EXTRACTED MATERIAL:
• • • •

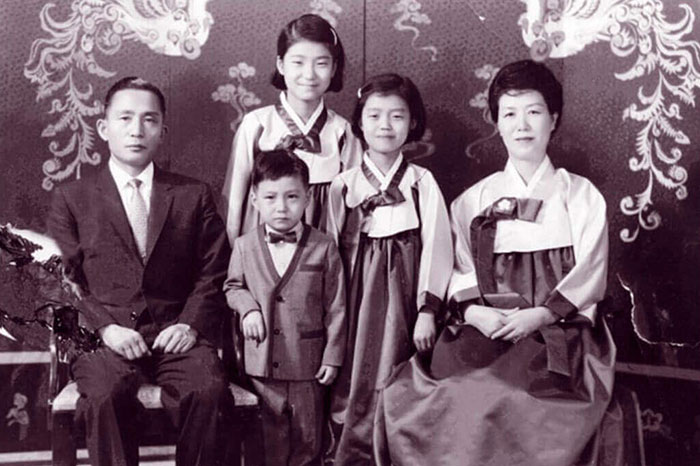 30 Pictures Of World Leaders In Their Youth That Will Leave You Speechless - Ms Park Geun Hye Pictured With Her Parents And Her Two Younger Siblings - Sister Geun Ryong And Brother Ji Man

• • • •

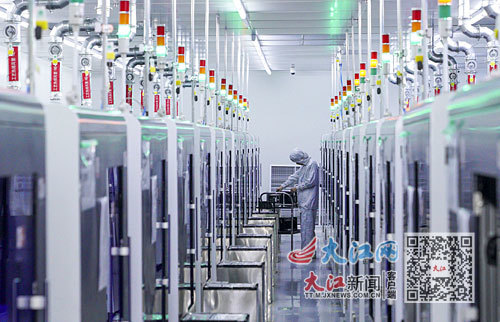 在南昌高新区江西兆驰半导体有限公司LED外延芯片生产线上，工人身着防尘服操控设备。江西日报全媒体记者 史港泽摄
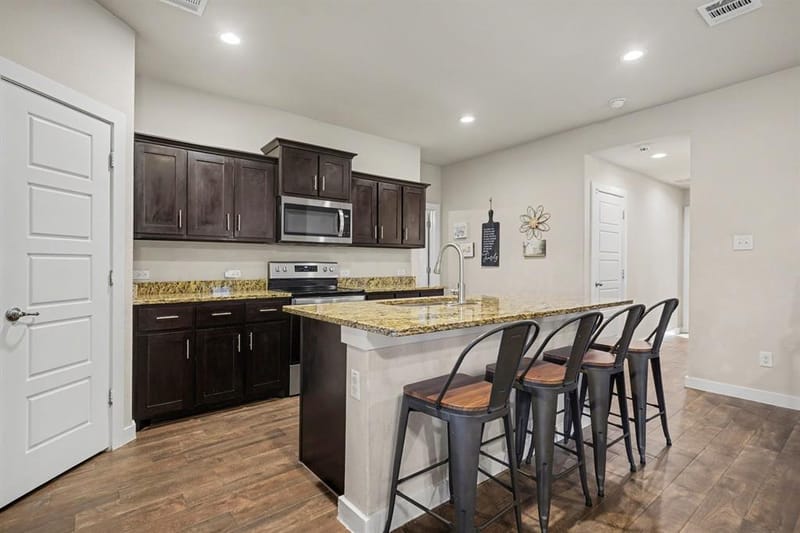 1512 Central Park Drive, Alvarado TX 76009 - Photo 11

• • • •

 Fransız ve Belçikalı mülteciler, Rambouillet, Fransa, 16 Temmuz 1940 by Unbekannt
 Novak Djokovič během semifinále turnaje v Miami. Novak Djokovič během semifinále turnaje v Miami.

• • • •

REQUIRED ACTION:
The lines above, starting at the one with "Fransız ve Belçikalı" and ending at the one with "Novak Djokovič během semifinále turnaje v Miami. Novak", are the only ones to return, exactly as written.

ANSWER TO THIS PROBLEM:
 Fransız ve Belçikalı mülteciler, Rambouillet, Fransa, 16 Temmuz 1940 by Unbekannt
 Novak Djokovič během semifinále turnaje v Miami. Novak Djokovič během semifinále turnaje v Miami.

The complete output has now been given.